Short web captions
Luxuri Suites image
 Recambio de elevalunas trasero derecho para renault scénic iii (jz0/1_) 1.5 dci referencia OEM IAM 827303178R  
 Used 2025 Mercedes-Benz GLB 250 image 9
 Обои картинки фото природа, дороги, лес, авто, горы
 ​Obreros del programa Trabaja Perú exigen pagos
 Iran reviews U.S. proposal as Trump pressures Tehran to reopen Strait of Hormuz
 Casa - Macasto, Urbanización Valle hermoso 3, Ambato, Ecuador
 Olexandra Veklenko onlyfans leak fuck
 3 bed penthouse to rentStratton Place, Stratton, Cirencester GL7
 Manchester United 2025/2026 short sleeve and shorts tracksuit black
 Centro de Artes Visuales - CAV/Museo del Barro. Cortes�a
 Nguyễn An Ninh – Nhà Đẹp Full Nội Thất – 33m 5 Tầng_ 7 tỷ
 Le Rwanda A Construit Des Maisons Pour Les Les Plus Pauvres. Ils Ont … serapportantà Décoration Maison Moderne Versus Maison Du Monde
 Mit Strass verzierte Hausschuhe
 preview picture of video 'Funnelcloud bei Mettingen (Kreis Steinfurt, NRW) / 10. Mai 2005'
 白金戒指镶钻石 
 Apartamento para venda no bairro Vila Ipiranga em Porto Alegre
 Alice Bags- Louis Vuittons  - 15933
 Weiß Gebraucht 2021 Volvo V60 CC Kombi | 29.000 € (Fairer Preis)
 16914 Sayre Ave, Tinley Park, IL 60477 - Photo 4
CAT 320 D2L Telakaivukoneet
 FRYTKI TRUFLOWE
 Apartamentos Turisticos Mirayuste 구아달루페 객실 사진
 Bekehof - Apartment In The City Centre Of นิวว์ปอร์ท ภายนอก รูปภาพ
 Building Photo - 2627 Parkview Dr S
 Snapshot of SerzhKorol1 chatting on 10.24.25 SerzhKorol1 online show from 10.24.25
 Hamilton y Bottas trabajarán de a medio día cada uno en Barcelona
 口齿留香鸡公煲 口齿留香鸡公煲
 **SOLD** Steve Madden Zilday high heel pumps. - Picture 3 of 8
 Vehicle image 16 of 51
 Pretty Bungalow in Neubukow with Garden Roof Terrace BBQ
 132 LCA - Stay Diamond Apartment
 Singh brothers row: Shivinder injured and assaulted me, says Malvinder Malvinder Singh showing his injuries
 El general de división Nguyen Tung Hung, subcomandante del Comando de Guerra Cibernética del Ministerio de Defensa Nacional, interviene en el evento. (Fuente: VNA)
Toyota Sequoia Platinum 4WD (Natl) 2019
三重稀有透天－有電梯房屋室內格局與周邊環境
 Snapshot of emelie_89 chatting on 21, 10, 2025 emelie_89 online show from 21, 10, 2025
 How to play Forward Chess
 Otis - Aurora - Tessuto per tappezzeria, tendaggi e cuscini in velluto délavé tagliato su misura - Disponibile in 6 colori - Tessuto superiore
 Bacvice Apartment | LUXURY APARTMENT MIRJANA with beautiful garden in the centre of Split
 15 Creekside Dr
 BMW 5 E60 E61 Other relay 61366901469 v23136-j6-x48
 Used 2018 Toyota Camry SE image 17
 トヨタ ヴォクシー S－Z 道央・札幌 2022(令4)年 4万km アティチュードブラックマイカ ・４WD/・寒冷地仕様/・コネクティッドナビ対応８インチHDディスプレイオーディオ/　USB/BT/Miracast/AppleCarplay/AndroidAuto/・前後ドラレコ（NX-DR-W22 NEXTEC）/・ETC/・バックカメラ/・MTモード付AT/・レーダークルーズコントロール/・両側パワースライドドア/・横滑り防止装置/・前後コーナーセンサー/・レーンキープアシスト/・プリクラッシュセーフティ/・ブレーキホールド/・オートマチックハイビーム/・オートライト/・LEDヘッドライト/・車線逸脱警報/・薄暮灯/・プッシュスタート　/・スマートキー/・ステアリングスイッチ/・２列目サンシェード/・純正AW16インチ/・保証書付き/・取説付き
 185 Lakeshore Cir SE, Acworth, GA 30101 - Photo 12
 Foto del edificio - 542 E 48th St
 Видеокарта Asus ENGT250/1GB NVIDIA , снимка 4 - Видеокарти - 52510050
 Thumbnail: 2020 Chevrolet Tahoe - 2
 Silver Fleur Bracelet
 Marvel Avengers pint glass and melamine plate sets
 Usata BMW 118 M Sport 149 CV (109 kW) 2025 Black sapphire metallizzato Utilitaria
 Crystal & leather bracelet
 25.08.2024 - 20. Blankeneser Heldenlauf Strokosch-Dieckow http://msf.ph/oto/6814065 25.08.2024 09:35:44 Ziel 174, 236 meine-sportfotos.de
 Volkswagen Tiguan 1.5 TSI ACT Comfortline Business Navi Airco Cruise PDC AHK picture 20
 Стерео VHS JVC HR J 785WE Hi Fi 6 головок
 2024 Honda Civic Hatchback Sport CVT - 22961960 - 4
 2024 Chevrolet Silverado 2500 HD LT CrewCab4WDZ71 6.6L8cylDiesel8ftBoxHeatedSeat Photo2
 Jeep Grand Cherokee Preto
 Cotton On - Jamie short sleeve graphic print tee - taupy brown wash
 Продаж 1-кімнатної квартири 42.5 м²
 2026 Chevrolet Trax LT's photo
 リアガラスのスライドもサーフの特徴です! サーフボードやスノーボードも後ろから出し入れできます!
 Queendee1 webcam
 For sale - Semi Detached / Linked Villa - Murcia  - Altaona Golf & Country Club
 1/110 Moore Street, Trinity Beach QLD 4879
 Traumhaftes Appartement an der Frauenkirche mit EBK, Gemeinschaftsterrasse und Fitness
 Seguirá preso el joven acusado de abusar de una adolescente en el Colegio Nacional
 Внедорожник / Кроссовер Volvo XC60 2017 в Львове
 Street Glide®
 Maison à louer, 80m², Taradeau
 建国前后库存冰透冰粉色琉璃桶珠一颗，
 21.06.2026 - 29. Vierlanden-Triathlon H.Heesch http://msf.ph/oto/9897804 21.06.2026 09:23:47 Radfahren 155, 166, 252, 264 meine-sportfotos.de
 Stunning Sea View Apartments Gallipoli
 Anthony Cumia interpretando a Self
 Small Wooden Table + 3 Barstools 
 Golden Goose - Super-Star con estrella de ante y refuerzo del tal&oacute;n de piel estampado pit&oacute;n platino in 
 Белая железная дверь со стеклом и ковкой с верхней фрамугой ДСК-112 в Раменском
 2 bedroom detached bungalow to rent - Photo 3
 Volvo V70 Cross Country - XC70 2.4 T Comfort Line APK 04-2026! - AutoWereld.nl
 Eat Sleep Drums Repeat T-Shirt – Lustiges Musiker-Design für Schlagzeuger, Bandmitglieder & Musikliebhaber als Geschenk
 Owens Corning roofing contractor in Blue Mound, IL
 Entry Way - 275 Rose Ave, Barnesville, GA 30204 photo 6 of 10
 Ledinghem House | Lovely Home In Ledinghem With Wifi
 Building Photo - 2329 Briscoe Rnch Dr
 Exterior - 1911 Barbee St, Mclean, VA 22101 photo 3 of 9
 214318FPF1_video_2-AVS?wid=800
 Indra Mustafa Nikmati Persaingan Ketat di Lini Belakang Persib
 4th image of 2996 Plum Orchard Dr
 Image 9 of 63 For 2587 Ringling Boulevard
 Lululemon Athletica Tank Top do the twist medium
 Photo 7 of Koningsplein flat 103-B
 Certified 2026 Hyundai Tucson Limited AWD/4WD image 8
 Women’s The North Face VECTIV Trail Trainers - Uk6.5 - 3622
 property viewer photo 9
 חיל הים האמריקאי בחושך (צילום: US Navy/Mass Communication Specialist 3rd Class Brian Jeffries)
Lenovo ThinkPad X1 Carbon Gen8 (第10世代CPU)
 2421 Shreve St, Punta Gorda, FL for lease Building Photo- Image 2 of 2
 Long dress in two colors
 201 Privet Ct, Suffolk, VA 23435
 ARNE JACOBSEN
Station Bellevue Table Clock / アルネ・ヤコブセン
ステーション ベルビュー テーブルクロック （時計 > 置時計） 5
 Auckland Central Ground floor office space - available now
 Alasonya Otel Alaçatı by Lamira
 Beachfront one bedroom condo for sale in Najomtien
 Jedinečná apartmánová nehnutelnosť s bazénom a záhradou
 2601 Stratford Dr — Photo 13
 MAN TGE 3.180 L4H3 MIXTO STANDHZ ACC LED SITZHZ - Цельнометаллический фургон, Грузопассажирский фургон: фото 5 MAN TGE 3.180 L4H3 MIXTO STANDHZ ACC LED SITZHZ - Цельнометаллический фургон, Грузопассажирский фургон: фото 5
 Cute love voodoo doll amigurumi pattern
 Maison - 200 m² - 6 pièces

Task to complete
What you give back should be exactly the lines of the data above from the line with "Building Photo - 2329 Briscoe Rnch Dr" through the line with "property viewer photo 9", both of those included, and nothing more.

Answer for the task
 Building Photo - 2329 Briscoe Rnch Dr
 Exterior - 1911 Barbee St, Mclean, VA 22101 photo 3 of 9
 214318FPF1_video_2-AVS?wid=800
 Indra Mustafa Nikmati Persaingan Ketat di Lini Belakang Persib
 4th image of 2996 Plum Orchard Dr
 Image 9 of 63 For 2587 Ringling Boulevard
 Lululemon Athletica Tank Top do the twist medium
 Photo 7 of Koningsplein flat 103-B
 Certified 2026 Hyundai Tucson Limited AWD/4WD image 8
 Women’s The North Face VECTIV Trail Trainers - Uk6.5 - 3622
 property viewer photo 9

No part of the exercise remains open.